Lockheed Martin's Skunk Works, the aerospace and defense manufacturer's advanced technology solutions division, revealed its latest hypersonic strike aircraft project this week, the SR-72.
[Computer rendering of SR-72. Photo, courtesy of Lockheed Martin.]
Designed to travel as an unmanned aircraft system (UAS) at Mach 6, six times the speed of sound, the SR-72 will go twice the speed of the SR-71, which was retired in the late 1990s. Powered by combined-cycle engine technology, the Skunk Works team has been working with propulsion engineers from Aerojet Rocketdyne on the project for several years.
In a statement, the Skunk Works team called the aircraft a "game changer," taking design notes from the rocket-launched Falcon Hypersonic Technology Vehicle 2 (HTV-2). The HTV-2 was developed in joint collaboration with the Defense Advanced Research Projects Agency (DARPA), and traveled at a top speed of Mach 20, or 13,000 mph.
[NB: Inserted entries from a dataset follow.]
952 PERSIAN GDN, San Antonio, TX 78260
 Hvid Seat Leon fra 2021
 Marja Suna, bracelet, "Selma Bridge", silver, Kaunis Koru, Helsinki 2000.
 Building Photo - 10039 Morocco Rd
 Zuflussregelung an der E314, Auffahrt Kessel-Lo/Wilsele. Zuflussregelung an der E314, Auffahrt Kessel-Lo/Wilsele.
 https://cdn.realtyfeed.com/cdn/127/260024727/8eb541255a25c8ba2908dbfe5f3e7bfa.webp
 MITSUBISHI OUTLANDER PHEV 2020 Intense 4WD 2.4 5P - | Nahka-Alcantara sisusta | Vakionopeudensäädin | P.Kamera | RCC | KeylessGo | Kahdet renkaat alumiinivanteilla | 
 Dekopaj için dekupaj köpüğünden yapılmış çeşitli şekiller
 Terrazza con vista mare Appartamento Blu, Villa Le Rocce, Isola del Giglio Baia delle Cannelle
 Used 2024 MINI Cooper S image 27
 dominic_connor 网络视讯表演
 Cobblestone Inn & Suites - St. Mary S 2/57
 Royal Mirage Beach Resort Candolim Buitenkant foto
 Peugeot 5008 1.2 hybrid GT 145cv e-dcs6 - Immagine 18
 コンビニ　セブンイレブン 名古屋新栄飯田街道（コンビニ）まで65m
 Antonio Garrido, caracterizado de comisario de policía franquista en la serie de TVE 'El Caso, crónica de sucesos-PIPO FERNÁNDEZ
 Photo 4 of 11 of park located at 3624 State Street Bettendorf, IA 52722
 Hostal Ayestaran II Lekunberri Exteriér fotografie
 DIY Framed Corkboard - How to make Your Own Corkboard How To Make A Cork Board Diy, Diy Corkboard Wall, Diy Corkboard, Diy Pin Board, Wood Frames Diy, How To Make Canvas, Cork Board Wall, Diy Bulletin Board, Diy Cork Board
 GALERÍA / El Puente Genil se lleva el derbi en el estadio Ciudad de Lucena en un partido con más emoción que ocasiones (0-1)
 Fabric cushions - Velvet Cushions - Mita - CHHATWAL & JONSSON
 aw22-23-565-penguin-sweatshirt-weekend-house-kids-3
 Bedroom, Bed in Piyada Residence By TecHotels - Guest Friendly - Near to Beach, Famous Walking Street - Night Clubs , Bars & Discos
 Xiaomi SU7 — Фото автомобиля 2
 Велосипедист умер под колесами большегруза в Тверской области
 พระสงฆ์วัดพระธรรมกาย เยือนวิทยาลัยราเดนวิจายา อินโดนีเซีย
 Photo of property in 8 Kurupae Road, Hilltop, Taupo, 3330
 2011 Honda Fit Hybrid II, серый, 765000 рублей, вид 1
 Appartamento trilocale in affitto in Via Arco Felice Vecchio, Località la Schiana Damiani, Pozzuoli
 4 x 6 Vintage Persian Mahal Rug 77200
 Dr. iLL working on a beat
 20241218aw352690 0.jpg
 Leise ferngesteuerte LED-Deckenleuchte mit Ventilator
"Hypersonic aircraft, coupled with hypersonic missiles, could penetrate denied airspace and strike at nearly any location across a continent in less than an hour,” said Brad Leland, program manager of hypersonics at Lockheed Martin. “Speed is the next aviation advancement to counter emerging threats in the next several decades. The technology would be a game-changer in theater, similar to how stealth is changing the battlespace today.”
The Skunk Works team said the SR-72 "could be operational" by 2030.